Pictures with short captions:
┏━━

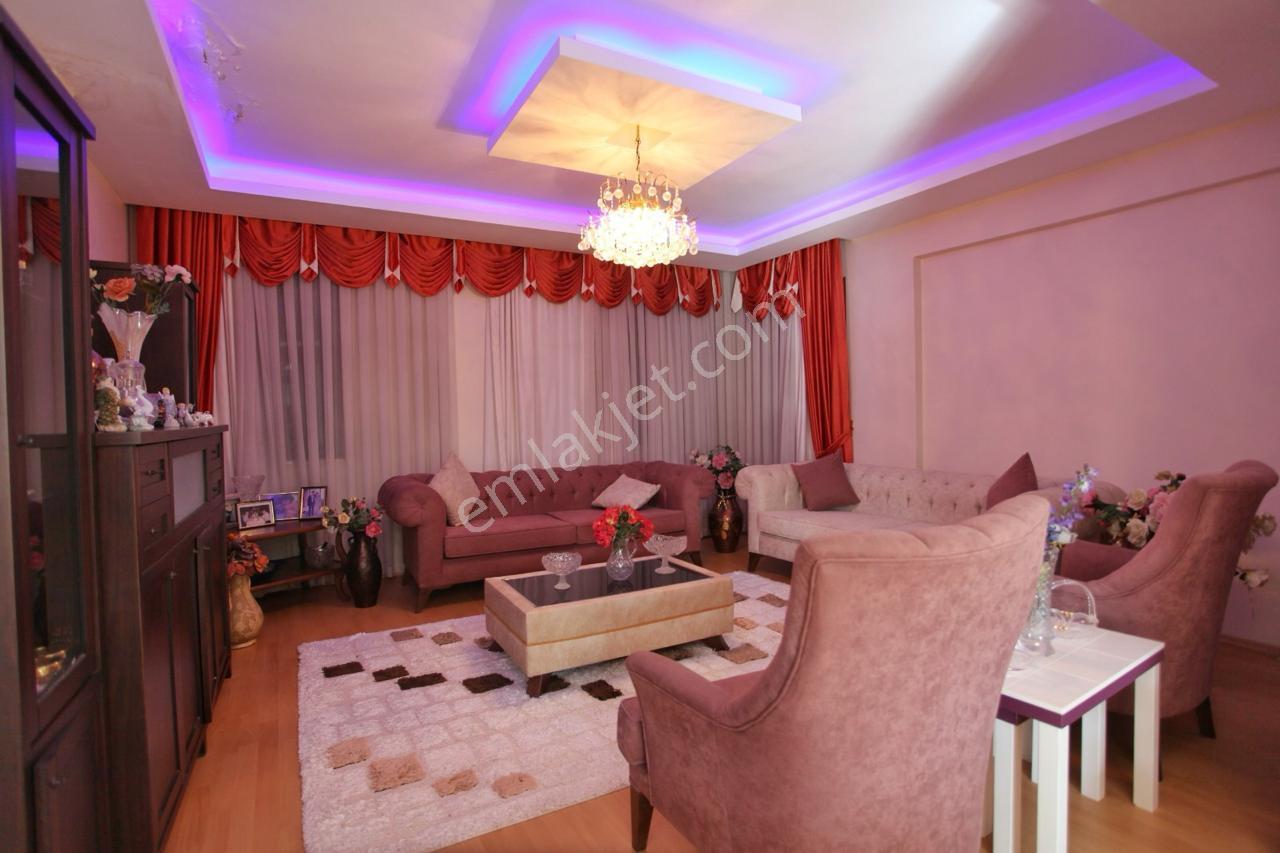 Önder Sağlam Dan Lara Güzeloba Da Satılık 5+2 Villa - Görsel 18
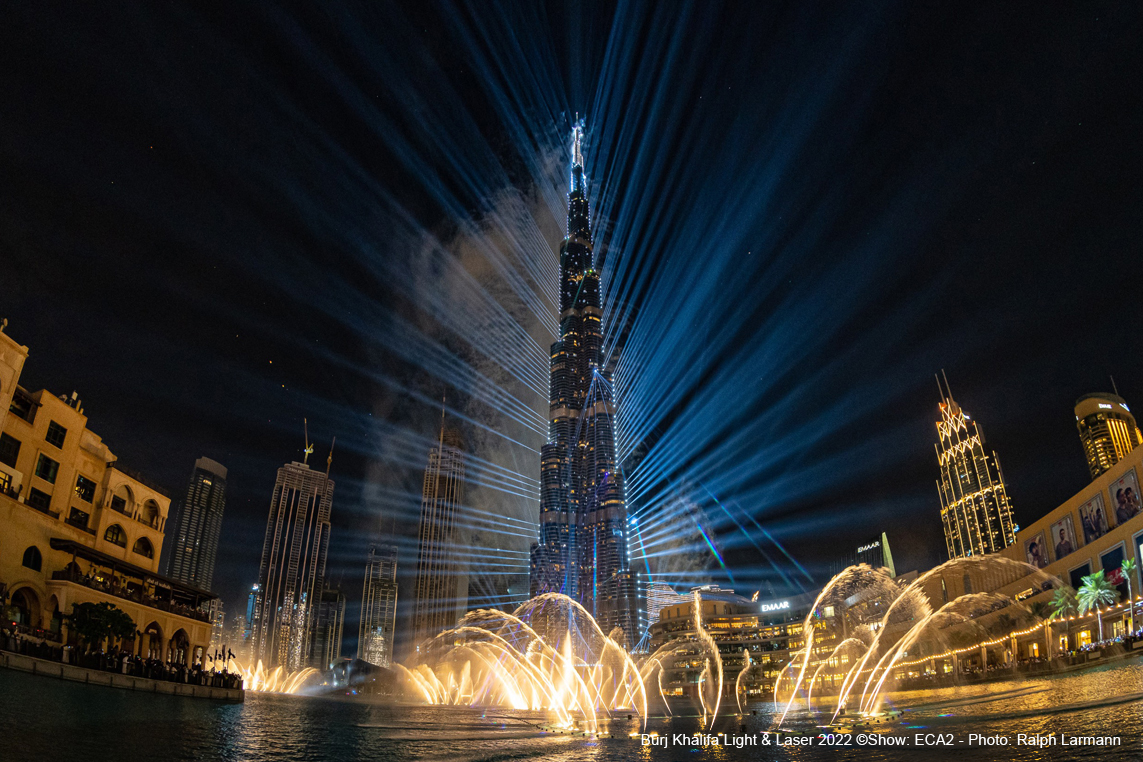  BURJ KHALIFA NYE22 LIGHT LASER SHOW_DUBAI_3_wm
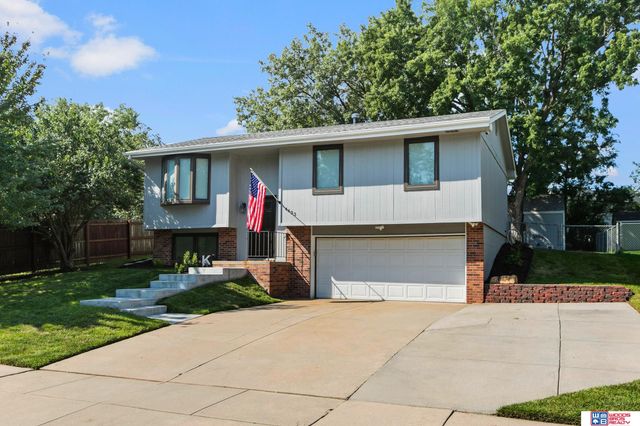 4633 Hallcliffe Road, Lincoln, NE 68516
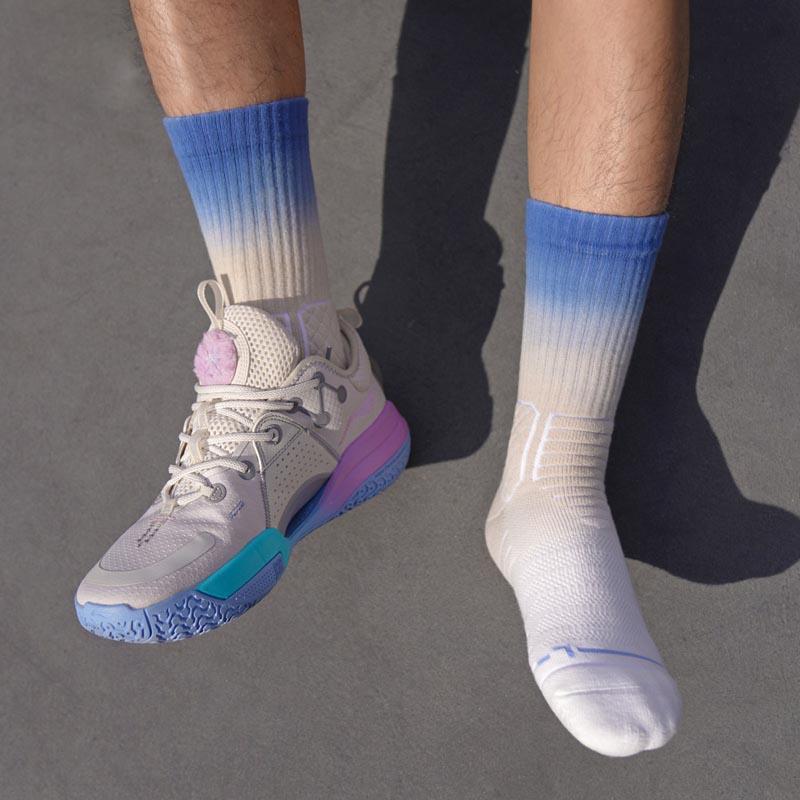 ehot-gradient-beige-blue-crew-socks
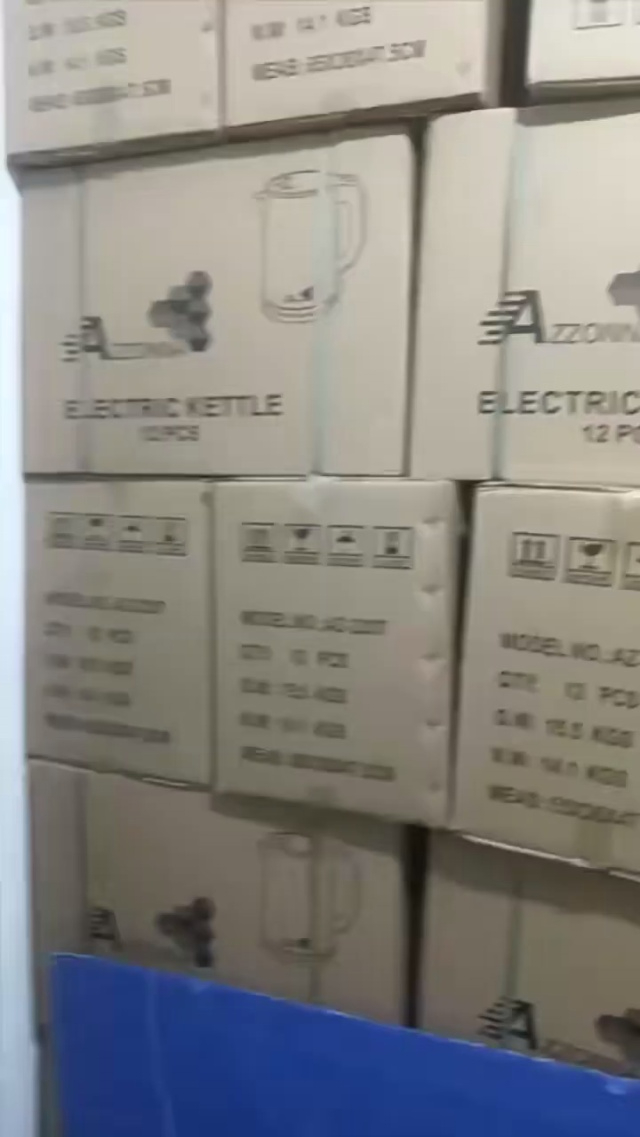 深夜到货，烧水壶六百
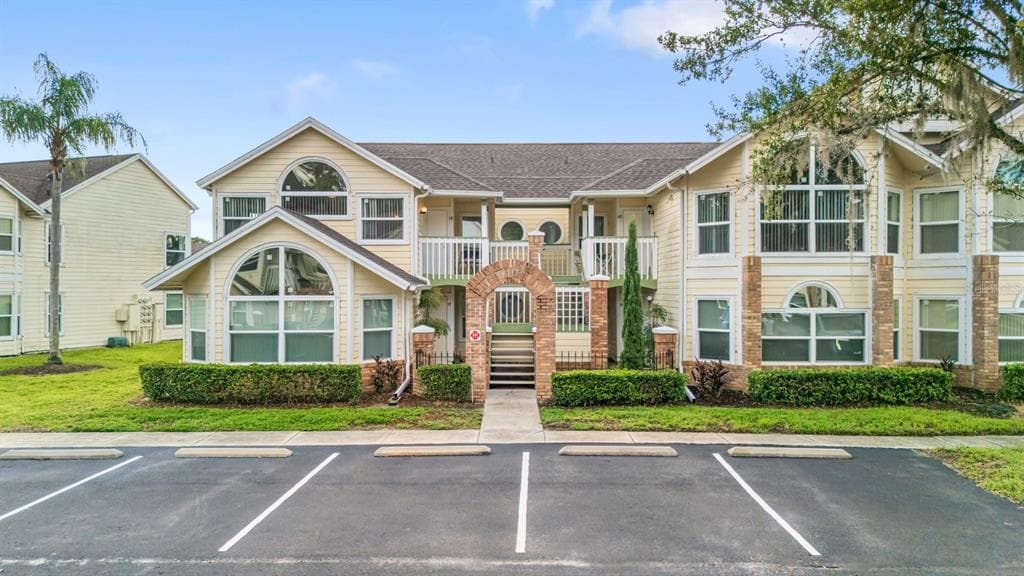 5006 LAGUNA BAY CIRCLE UNIT 58 KISSIMMEE, FL 34746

┗━━

What is needed is an exact repetition of every line from the line with "4633 Hallcliffe Road, Lincoln, NE 68516" to the end of the data above, both ends included, with no pictures.

### [RESULT FOR THIS EXERCISE]
 4633 Hallcliffe Road, Lincoln, NE 68516
 ehot-gradient-beige-blue-crew-socks
 深夜到货，烧水壶六百
 5006 LAGUNA BAY CIRCLE UNIT 58 KISSIMMEE, FL 34746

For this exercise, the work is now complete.